If I then define $F:\mathbb{R}\to\mathbb{R}$ by $$F(s)=\int_0^\ell f(s,t)\mu(t)\,dt,$$
will $F$ be constant?
Experimental evidence (from MATLAB) has led me to believe that the answer is yes, but I can't figure out how to prove it.  Any advice or suggestions (especially counterexamples) are most appreciated.
 A: To construct counterexamples we need a better understanding of "diagonally constant."  Let $g(x)$ be given, then $f(x,y)=g(x-y)$ is "diagonally constant" since $g((x+a)-(y+a))=g(x-y)$.  Conversely if $g(x)=f(x,0)$ with $f$ diagonally constant, then we have $f(x,y)=f(x-y,0)=g(x-y)$.  If $g(x)$ is $\ell$ periodic then $g(x-y)$ is $\ell$ periodic separately in $x$ and $y$.  Thus our integral is
$$\int_0^\ell g(s-t)\mu(t)\,dt$$
a convolution of two periodic functions.  Symmetry of $f(x,y)$ is the same as $g$ being even.

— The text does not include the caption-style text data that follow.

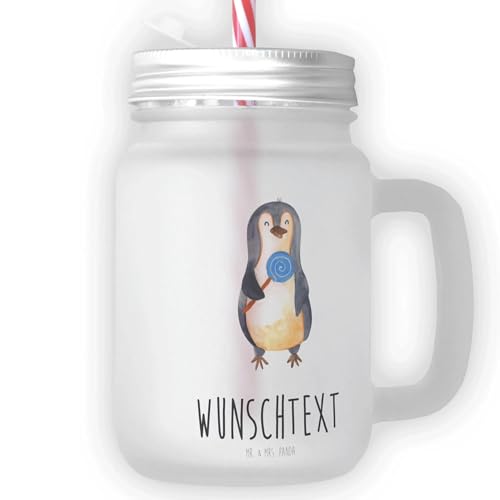 Mr. & Mrs. Panda Personalisiertes Trinkglas Mason Jar Pinguin Lolli - Personalisierte Geschenke, Glas Mit Liebevollem Text, Rebell, Mason Jar Glas von Mr. & Mrs. Panda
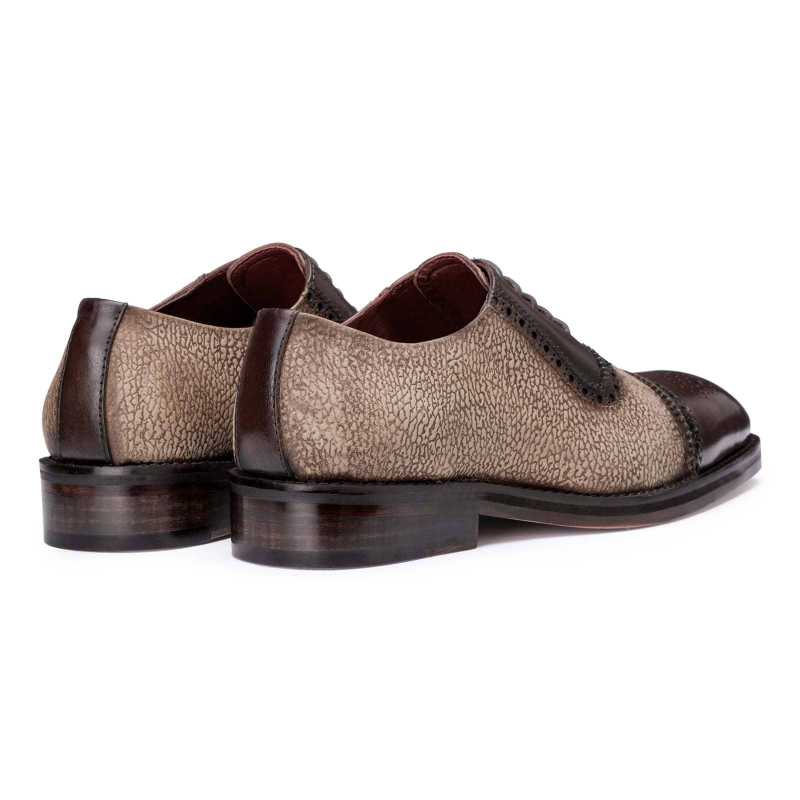 Carlo Medallion Captoe Dual-Pattern Brown Oxford - Escaro Royale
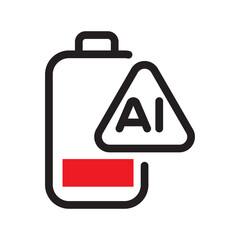 AI Low Power Battery Warning Line Icon Vector for App Website Infographic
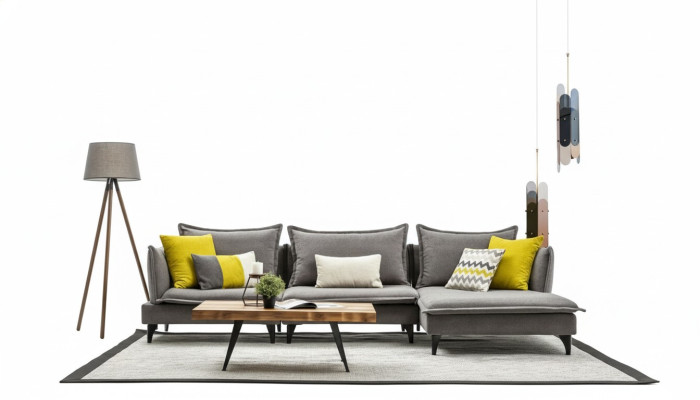 Grijze Chesterfield gestoffeerde bank Bank hoekbank set bekleding luxe hoekbanken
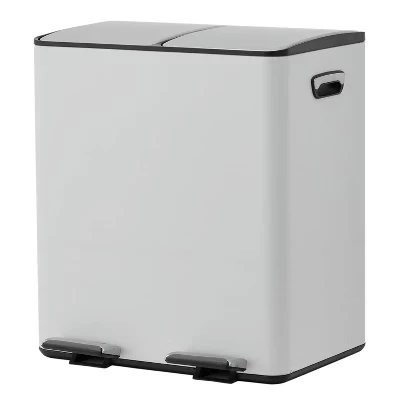 Мусорное ведро Garvee 2×20 л с педалью, белое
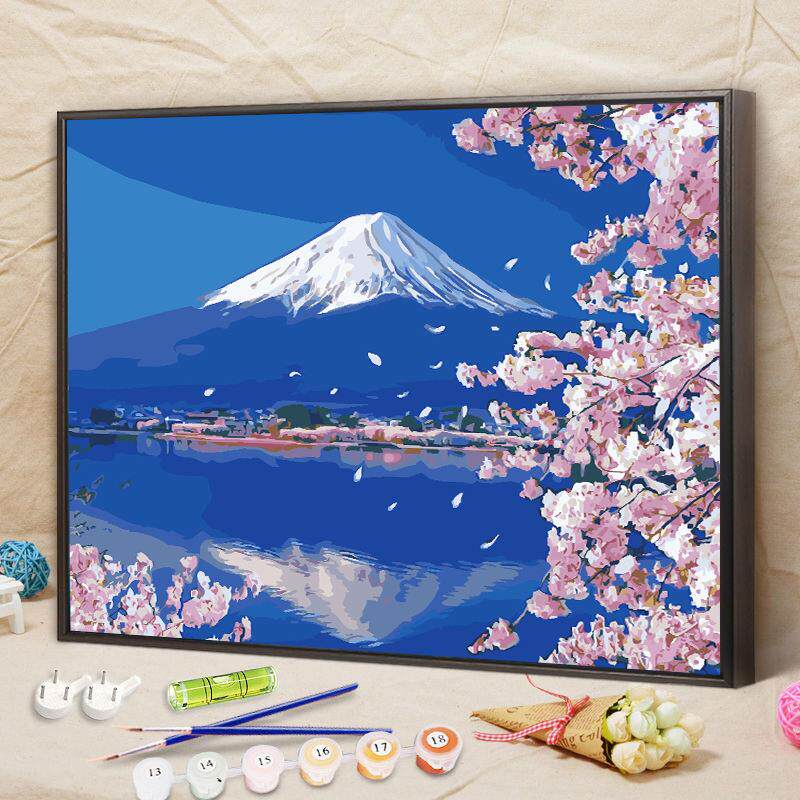 diy数字油画手工涂色风景装饰油彩画填充手绘填色画画治愈富士山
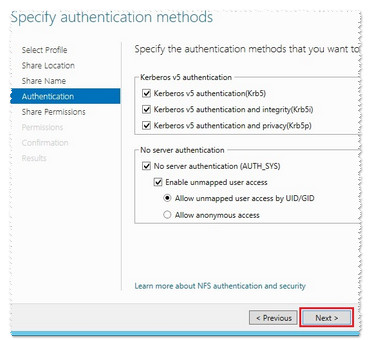 Authentication methods selection screen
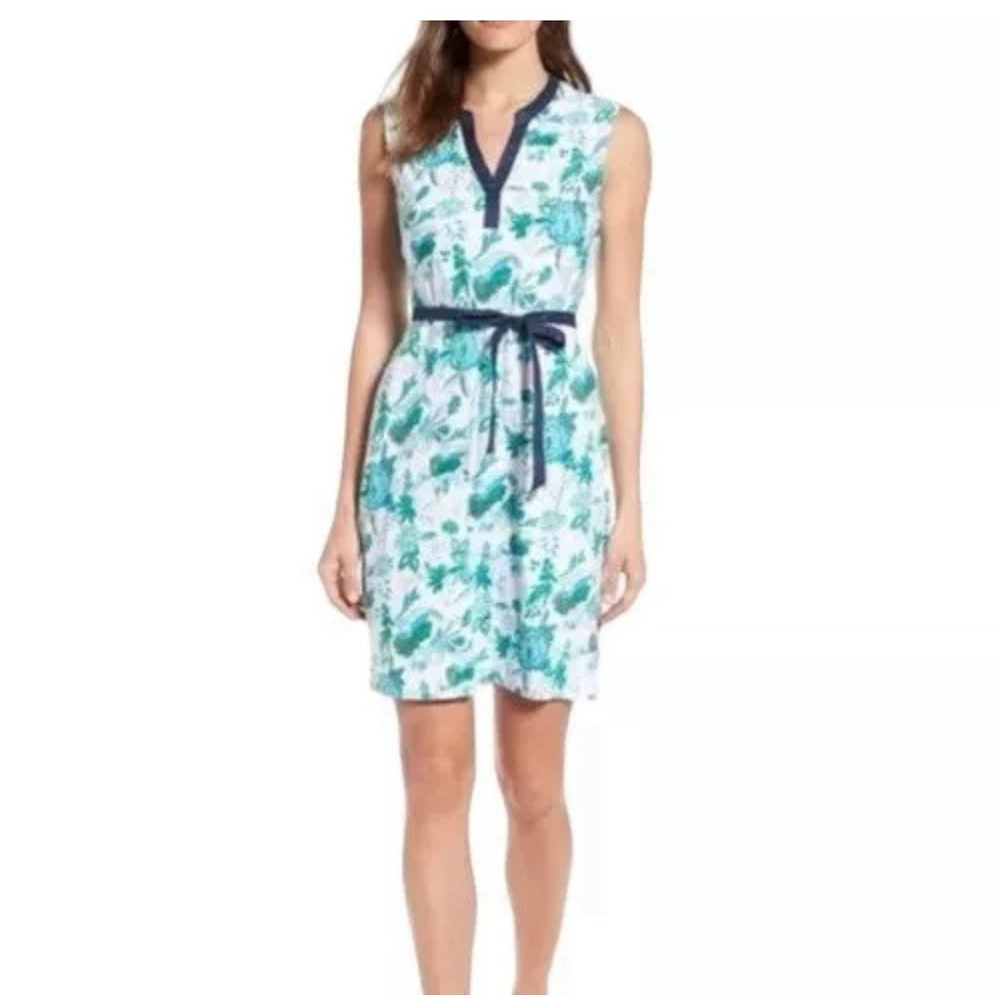 Tommy Bahama Flowers Cotton Dress Size:M Belted A Line Tank Dress Super Soft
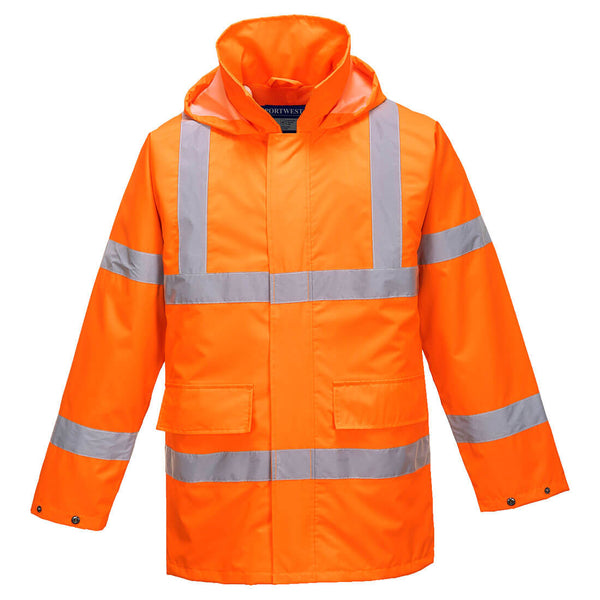 Portwest® Hi-Vis Rain Lite Traffic Jacket , Orange, Size M (US160ORRM) Each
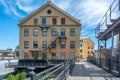 Sunny day in the historic industrial landscape in Norrkoping, Sweden Royalty Free Stock Photo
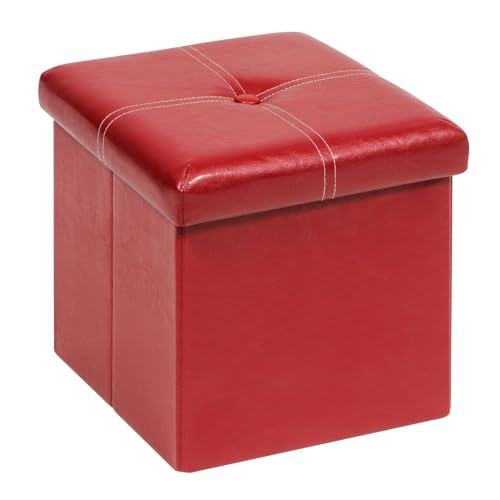 B FSOBEIIALEO Folding Storage Ottoman Cube, Faux Leather Footrest Seat Coffee Table, Red 11.8"x11.8"x11.8" - color: Red 11.8"x11.8"x11.8"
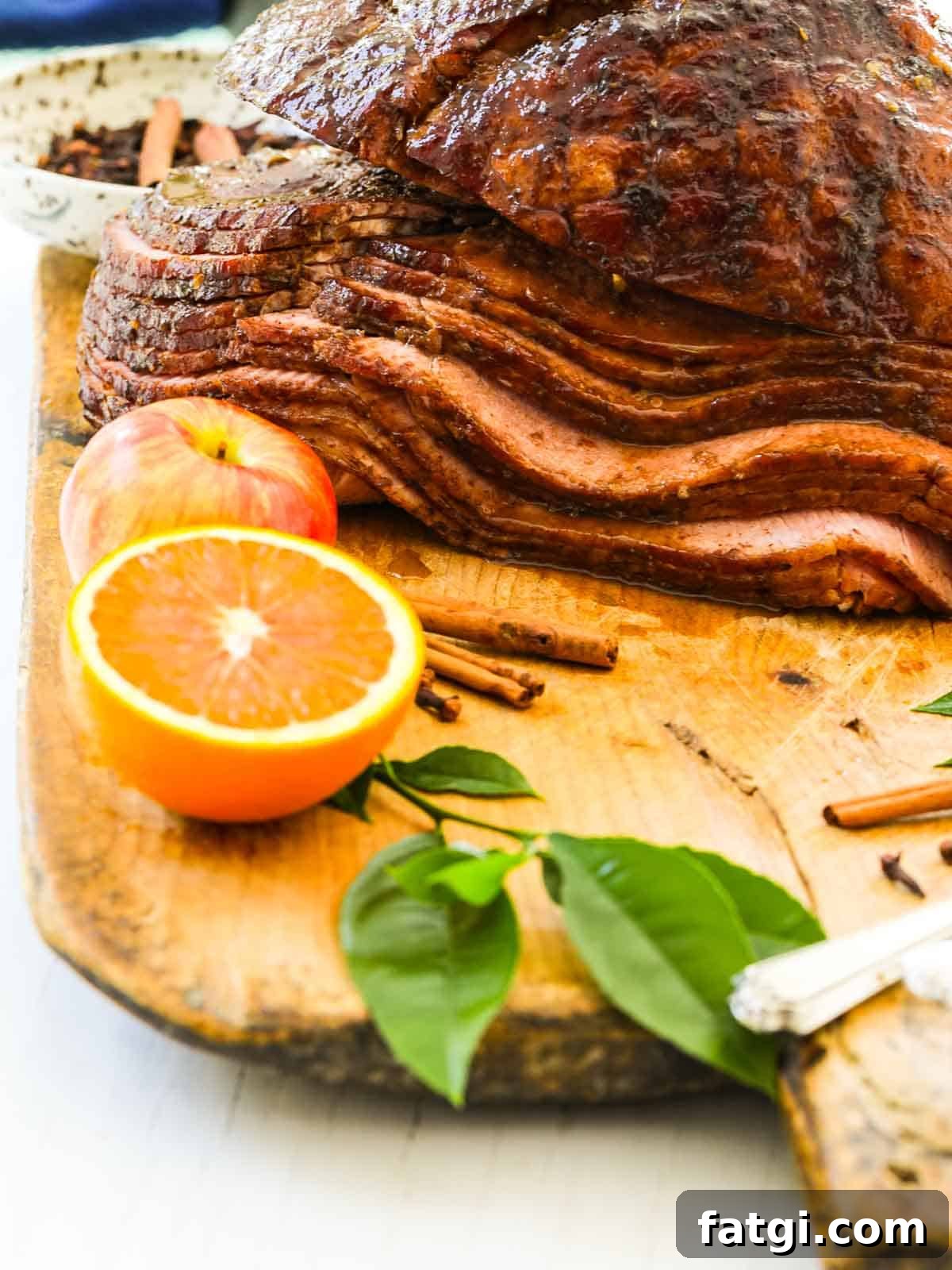 Large smoked ham on a cutting board
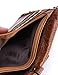 Lareinae Men Genuine Leather Cowhide Zip Wallet Vintage Bifold with Double Zipper Pockets (Brown 1)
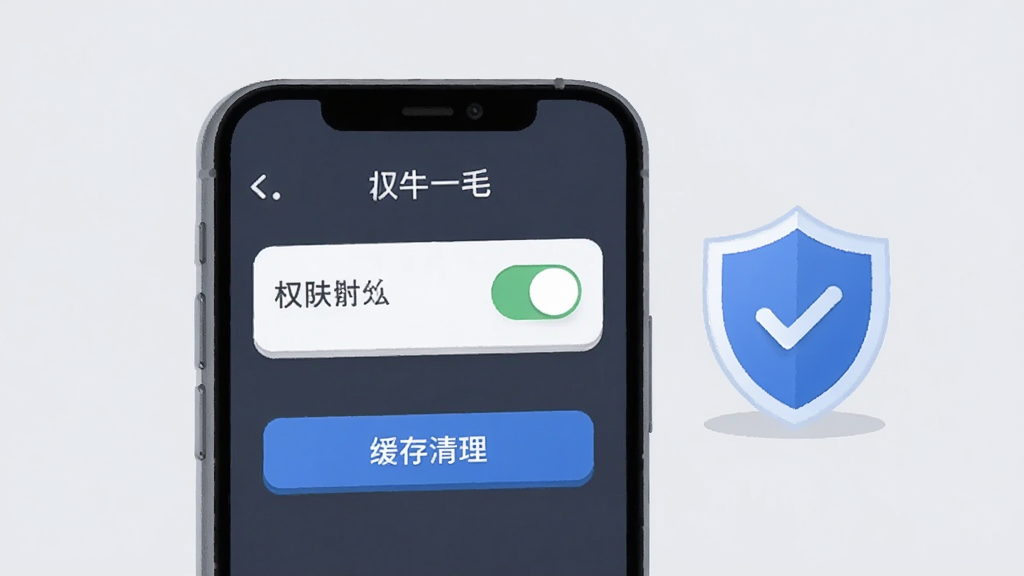 九牛一毛应用设置页面截图风格插画,画面展示手机屏幕上的权限开关和缓存清理按钮,旁边有盾牌图标代表安全防护,背景为浅灰色,风格简洁商务,排版清晰,细节干净,无多余元素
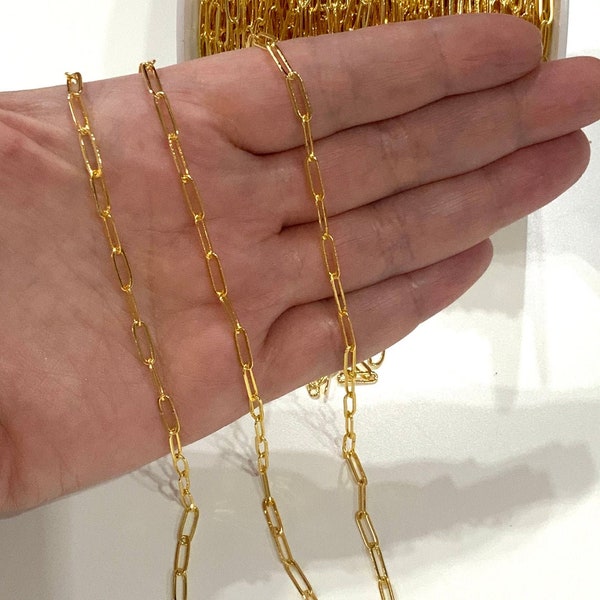 1 meter 24Kt Shiny Gold Paperclip Chain, Gold Bar Chain, Gold Necklace Chain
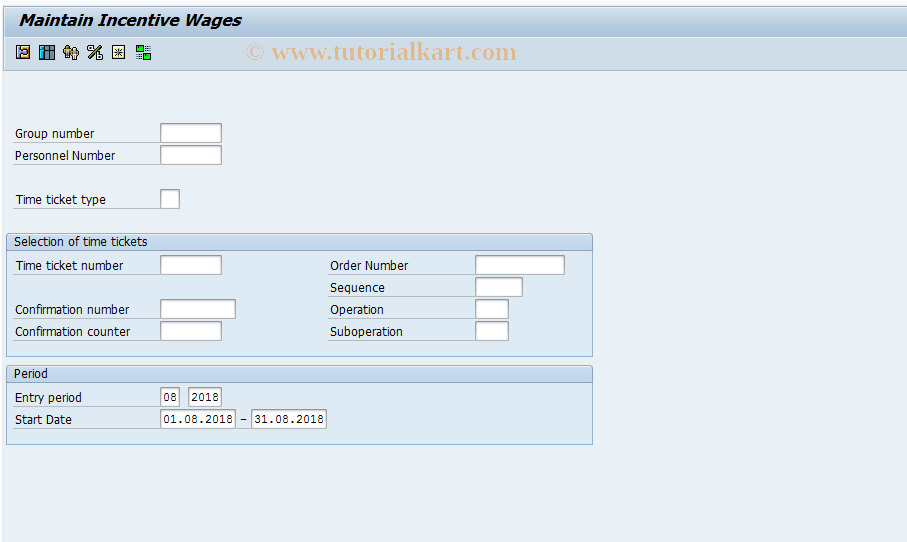 SAP TCode PW01 - Maintain Incentive Wages Data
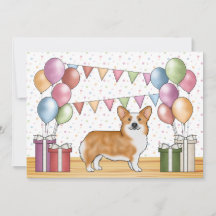 Red Pembroke Welsh Corgi Colorful Pastel Cumpleaño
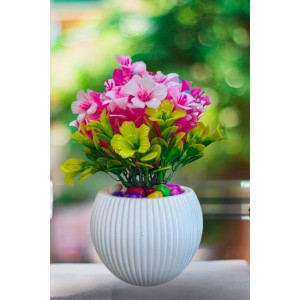HI TECH Sales Artificial Flower Plant with Pot – Pink & Green Decorative Faux Floral Arrangement for Home & Office Décor | Indoor Tabletop Decoration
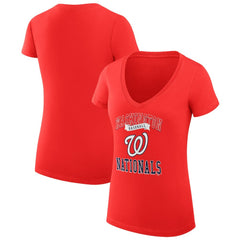Washington Nationals G-III 4Her by Carl Banks Women's Super-Slim Fit Lightweight Team Logo Graphic V-Neck T-Shirt Red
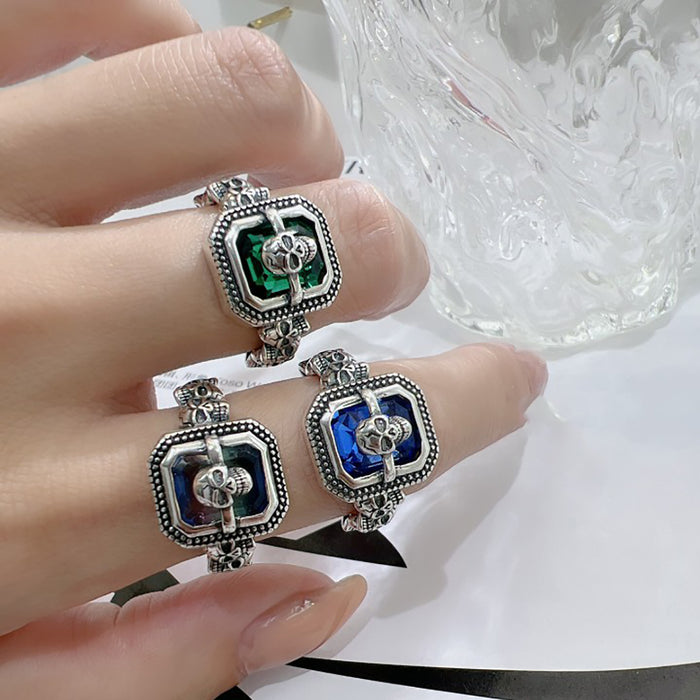 Real Solid 925 Sterling Silver Ring Skulls CZ Inlay Hip Hop Punk Jewelry Open Size 7-10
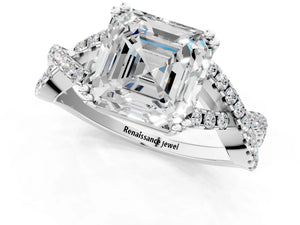 White gold Asscher Solitaire Twist Band with Pavé Setting and Four-Prong Setting_49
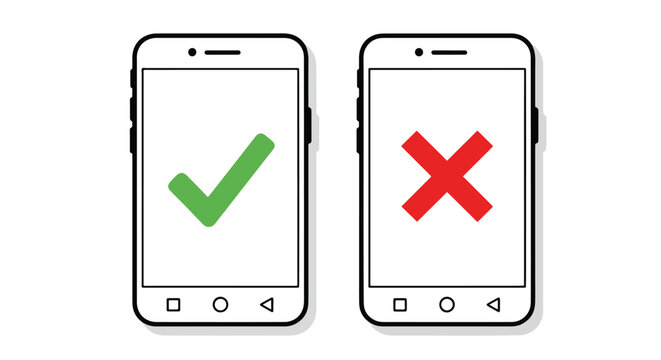 smartphone success failure comparison icons - Editable line icons. Vector illustration - Glyph and solid icon set - Icon vector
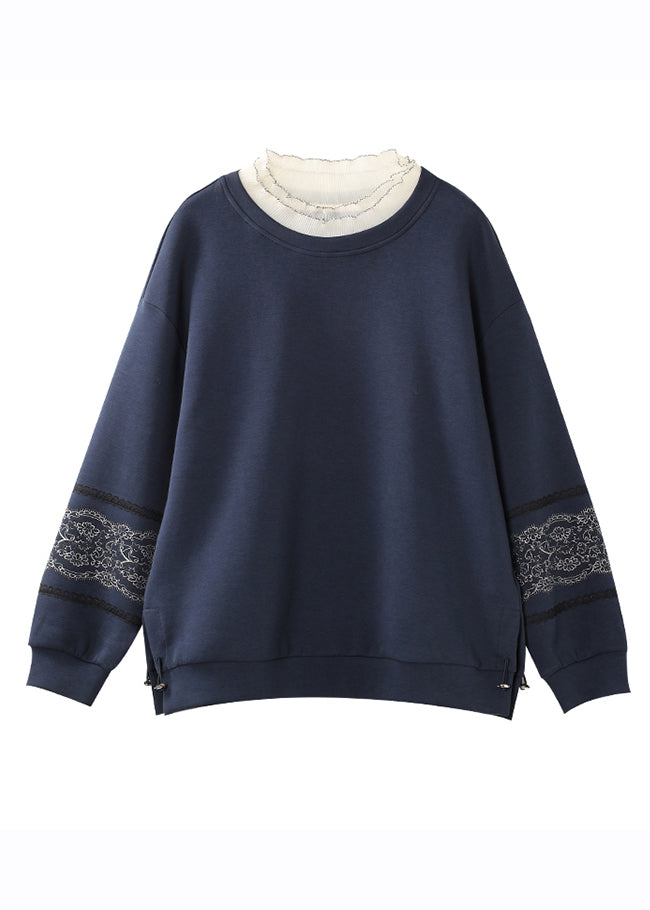 Loose Navy Blue O-neck Lace Patchwork Bright Silk Sweatshirts Long Sleeve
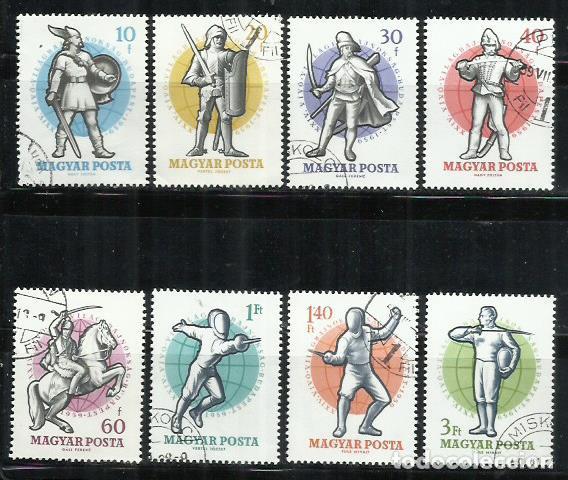 Sellos: 8539D-HUNGRIA SERIE COMPLETA 1959 N&ordm; 1295/1302 DEPORTES ESPADAS ESGRIMA.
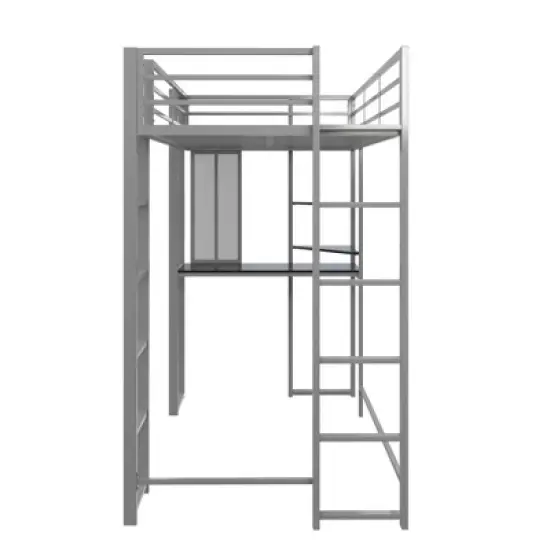 Twin Adele Loft Bed with Desk Silver - Room & Joy image {6}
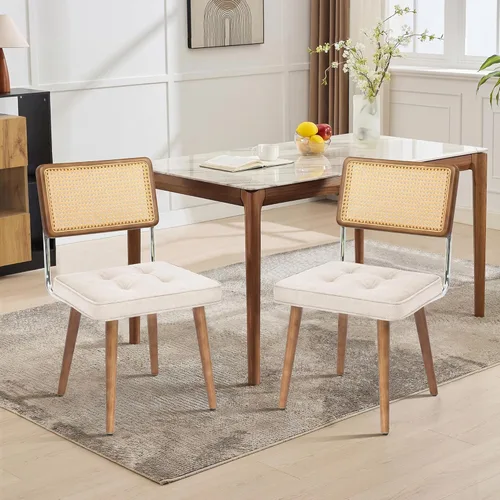GarveeHome Juego de 2 sillas de comedor de ratán natural, sillas de cocina tapizadas de lino con respaldo alto de caña y patas de madera fuertes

Now for the counterexample.  Make $\mu(x)=1$ for $0\le x\le \ell/2$, $0$ for $\ell/2 < x< \ell$, and periodic.  Pick some $0<a<\ell/4$.  Make $g(x)=1$ for $a\le x\le \ell-a$, otherwise $0$ in $[0,\ell]$, and periodic.  Then the convolution starts out at $\ell/2-a$ for $s=0$, becomes $\ell/2$ when $s$ increases so that the positive part of $\mu$ overlaps the positive part of $g$ to the max, and then descends back to $\ell/2-a$.
A: Does this count as a counterexample? Here $\ell=2\pi, f(s,t)=\cos(s-t)+1, \mu(t)=\sin(t)+1$. Then
$$
F(s)=\int_0^{2\pi} f(s, t)\mu(t)\, dt=\pi\left(2+\sin(s)\right).$$(Evaluated with Maple).